GIVEN DATA:
*** Begin section ***

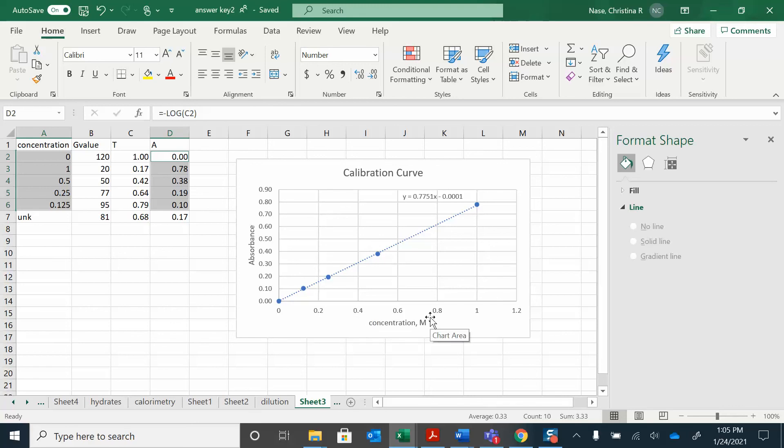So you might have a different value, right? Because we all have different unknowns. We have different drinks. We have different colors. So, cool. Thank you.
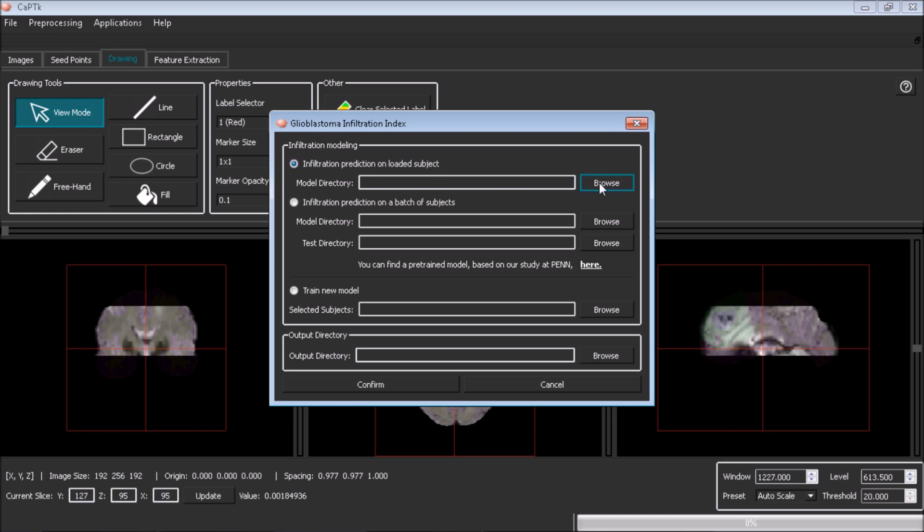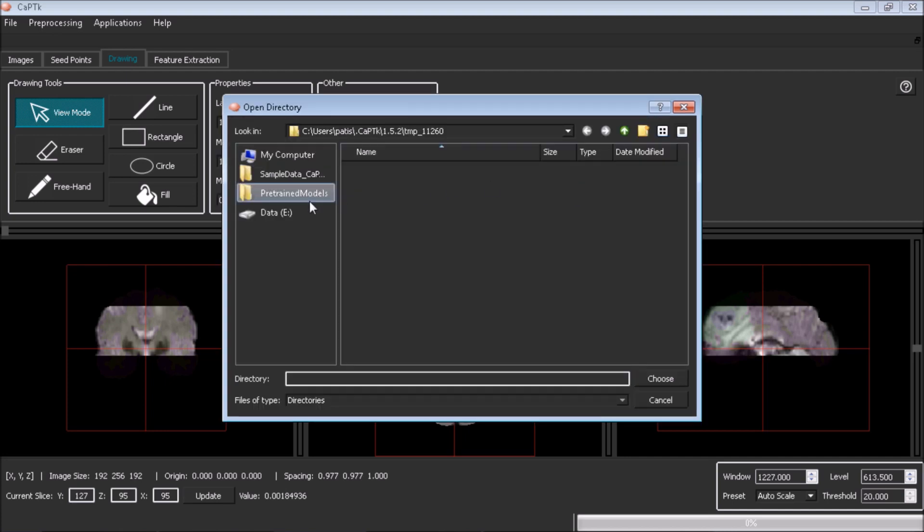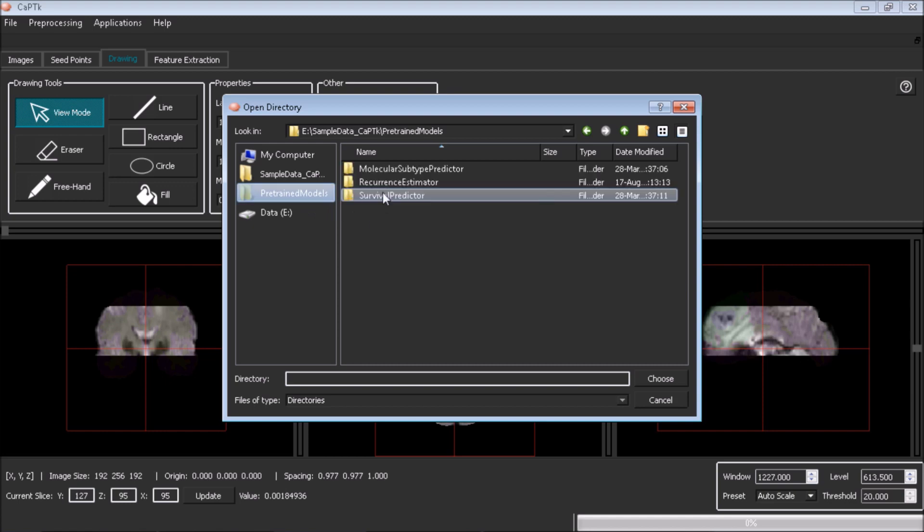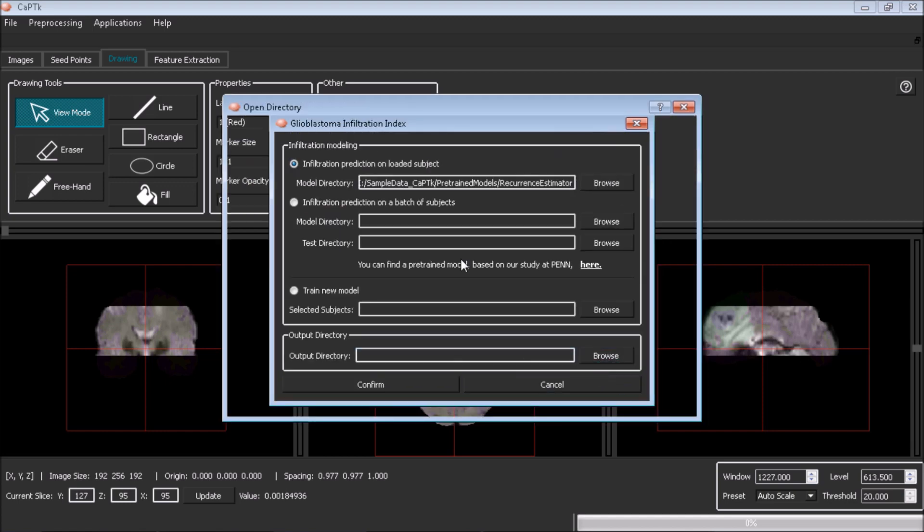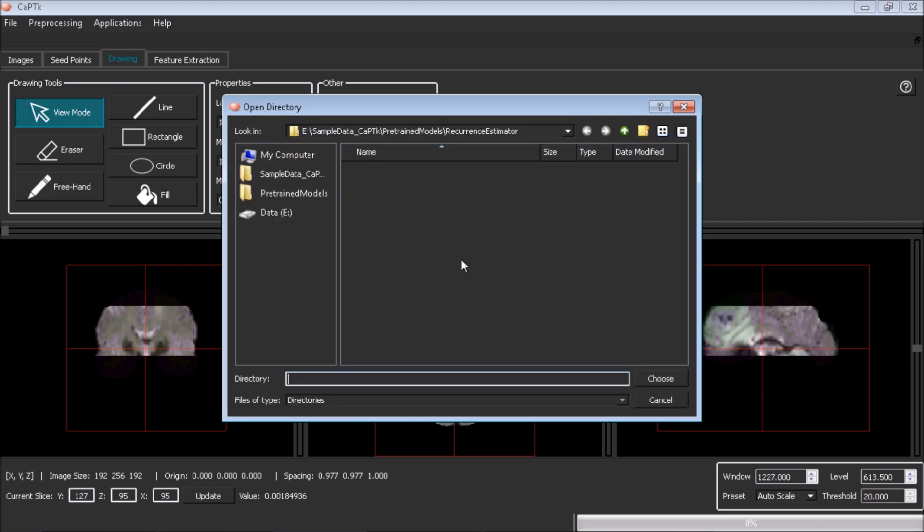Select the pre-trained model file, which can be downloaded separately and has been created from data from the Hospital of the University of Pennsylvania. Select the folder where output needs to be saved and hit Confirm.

*** End section ***
*** Begin section ***

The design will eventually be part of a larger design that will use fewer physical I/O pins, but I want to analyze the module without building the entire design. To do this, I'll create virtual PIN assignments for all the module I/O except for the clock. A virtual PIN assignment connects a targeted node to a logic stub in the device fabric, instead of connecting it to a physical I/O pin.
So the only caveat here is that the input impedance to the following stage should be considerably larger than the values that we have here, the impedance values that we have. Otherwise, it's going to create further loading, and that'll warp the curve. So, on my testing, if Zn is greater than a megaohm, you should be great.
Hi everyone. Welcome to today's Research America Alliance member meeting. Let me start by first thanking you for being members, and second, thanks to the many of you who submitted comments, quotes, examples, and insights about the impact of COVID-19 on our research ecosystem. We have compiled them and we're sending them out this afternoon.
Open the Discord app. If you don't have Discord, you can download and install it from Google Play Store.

*** End section ***

EXERCISE GOAL: Search the material above for "that". Pull out each line where it shows up.

YOUR SOLUTION:
The design will eventually be part of a larger design that will use fewer physical I/O pins, but I want to analyze the module without building the entire design. To do this, I'll create virtual PIN assignments for all the module I/O except for the clock. A virtual PIN assignment connects a targeted node to a logic stub in the device fabric, instead of connecting it to a physical I/O pin.
So the only caveat here is that the input impedance to the following stage should be considerably larger than the values that we have here, the impedance values that we have. Otherwise, it's going to create further loading, and that'll warp the curve. So, on my testing, if Zn is greater than a megaohm, you should be great.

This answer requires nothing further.